- Born: 10 January 1556 Lucerne, Old Swiss Confederacy
- Died: 13 August 1629 (aged 73)

= Jakob von Sonnenberg =

Lucerne politician and bailiff

Jakob Sonnenberg (10 January 1556, Lucerne – 13 August 1629) was a Catholic Lucerne politician who served as avoyer of Lucerne from 1612 to 1622 and held numerous administrative and diplomatic posts in the Old Swiss Confederacy.

== Life and career ==

Jakob von Sonnenberg was the son of Jacob von Sonnenberg, a member of the Small Council of Lucerne, and Catharina Clauser. He married three times: first to Margareta Holdermeyer, daughter of Jost Holdermeyer; second to Anna Pfyffer von Wyher, daughter of Jost Pfyffer von Wyher; and third to Catharina Amrhyn, daughter of Walther Amrhyn. Through his marriages he became a brother-in-law of Joseph Amrhyn and Ludwig Amrhyn. He studied in Rome and Paris, among other places.

By profession a rentier and wine merchant, Sonnenberg was a member of the Safran guild (Gesellschaft zu Safran) in Lucerne. He entered the Grand Council of Lucerne in 1576, was elected to the Small Council in 1599, where he served until his death in 1629, and held the office of avoyer from 1612 to 1622 (even years). He also held the position of banneret.

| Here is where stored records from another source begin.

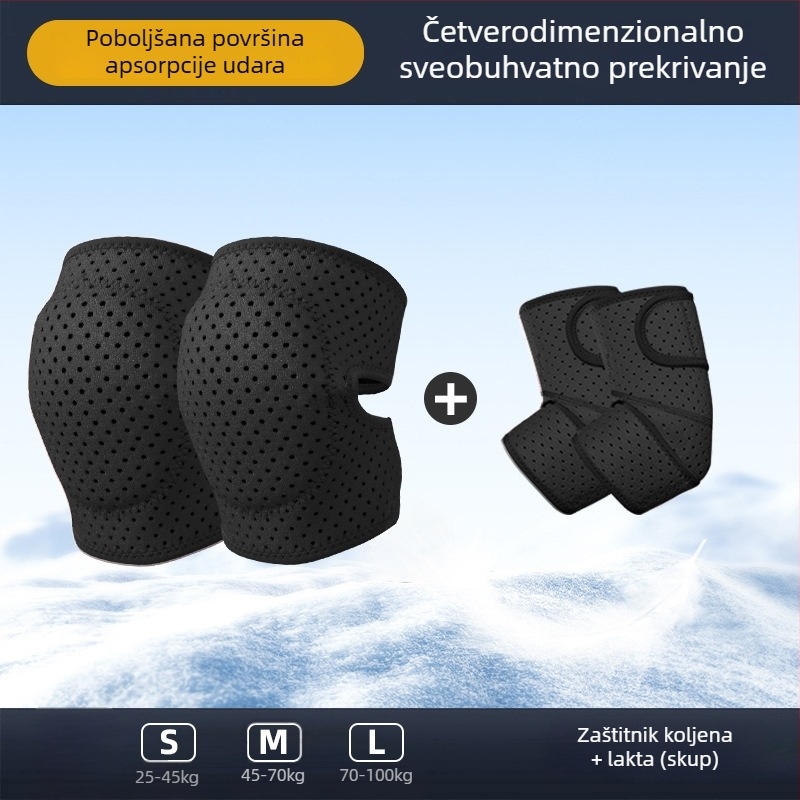 Dječji zaštitni set za skijanje: zaštita kuka i koljena, unutarnje zaštitne hlače za skijanje i snowboard, zaštita za rolanje i klizanje zimi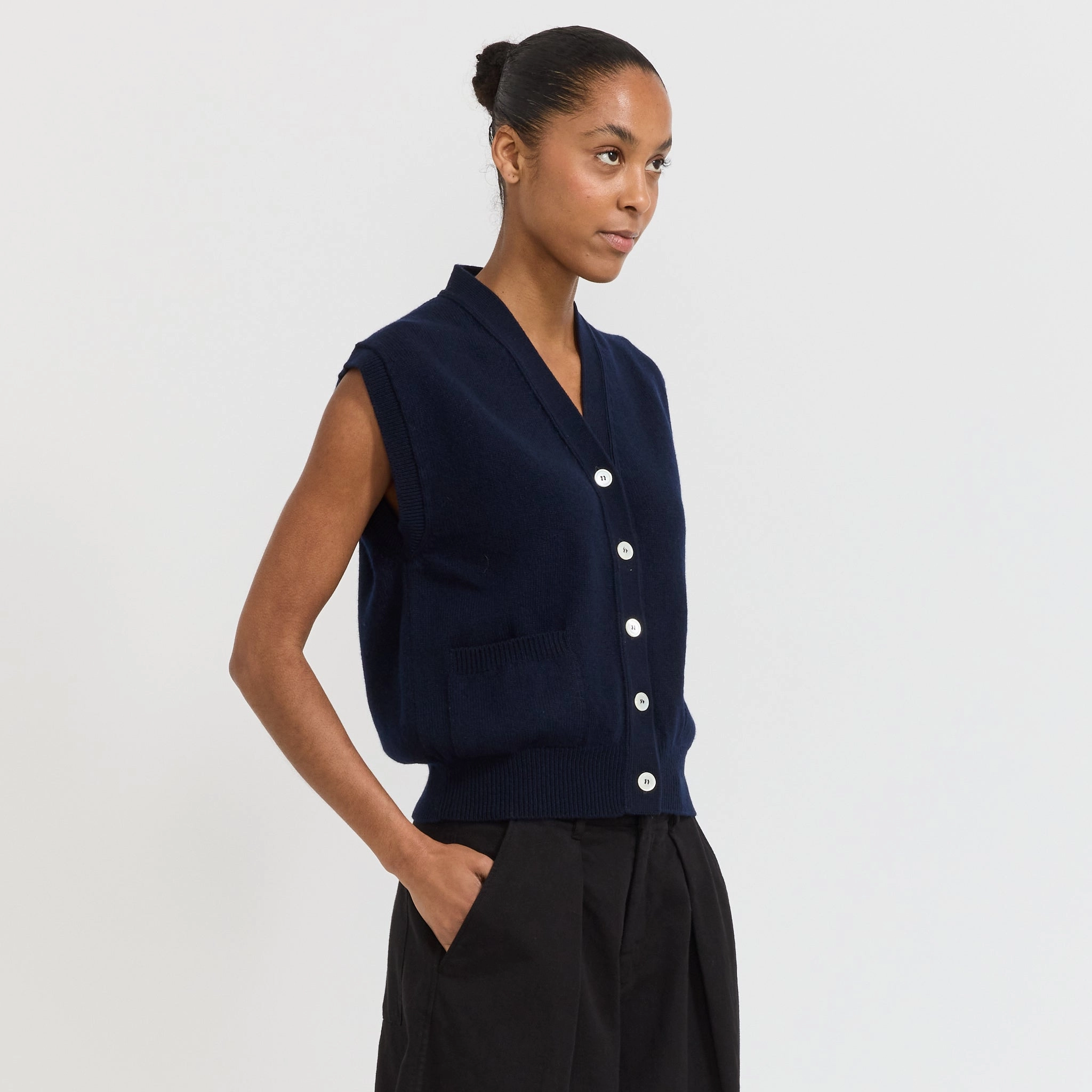 Wexford Waistcoat Navy sporty wear Temperature Regulating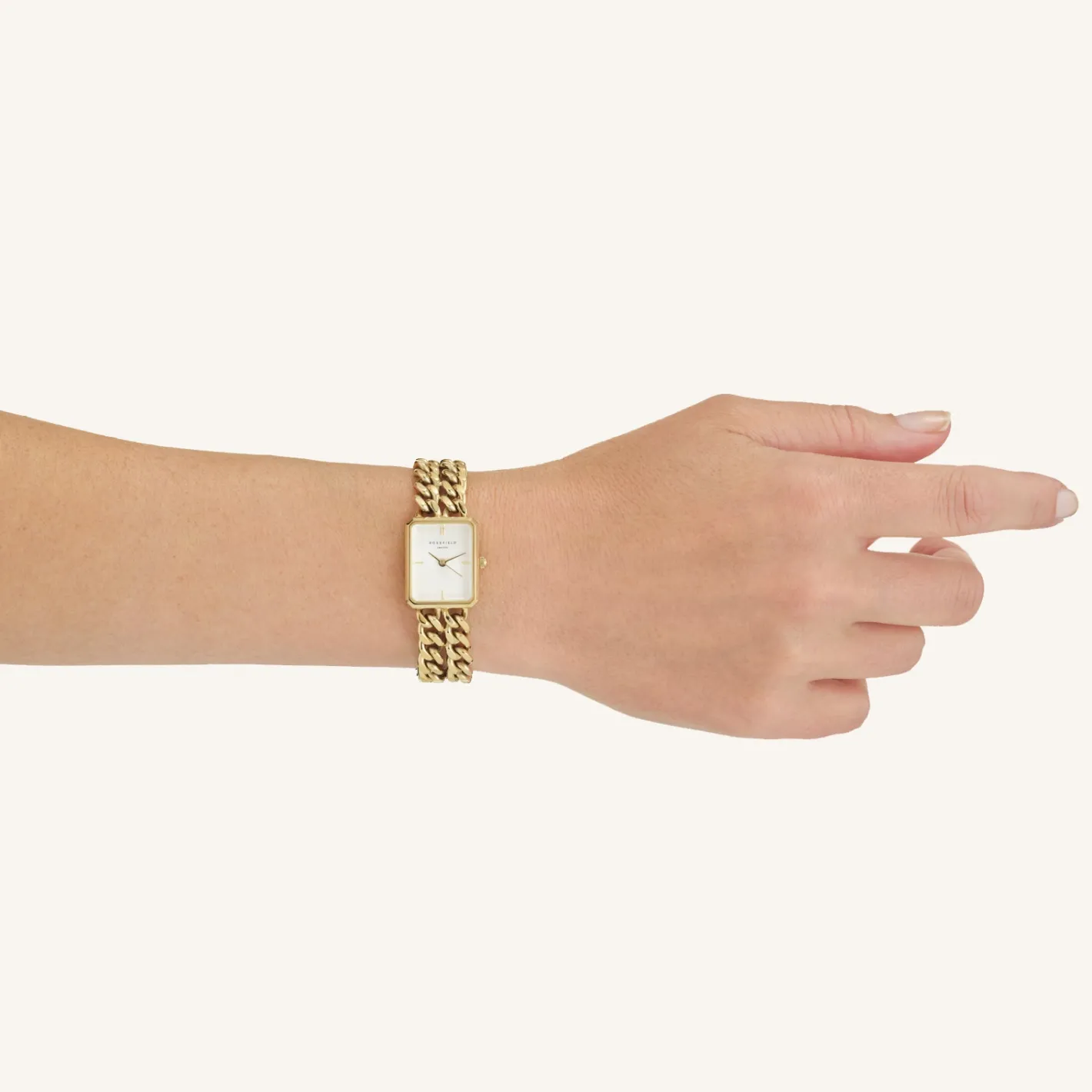 Rosefield Studio Double Chain Gold Discount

As bailiff, Sonnenberg administered the districts of Habsburg-Root (1581–1583 and 1585–1587), Entlebuch (1603–1605), Rothenburg (1610–1613), and Merenschwand (1614). He was also sent on diplomatic missions to Spain, Milan, Turin, and Austria, and in 1605 travelled to Rome as envoy to the Pope, where he was dubbed a knight.

== Bibliography ==

- F. Peter, Franz von Sonnenberg, 1977.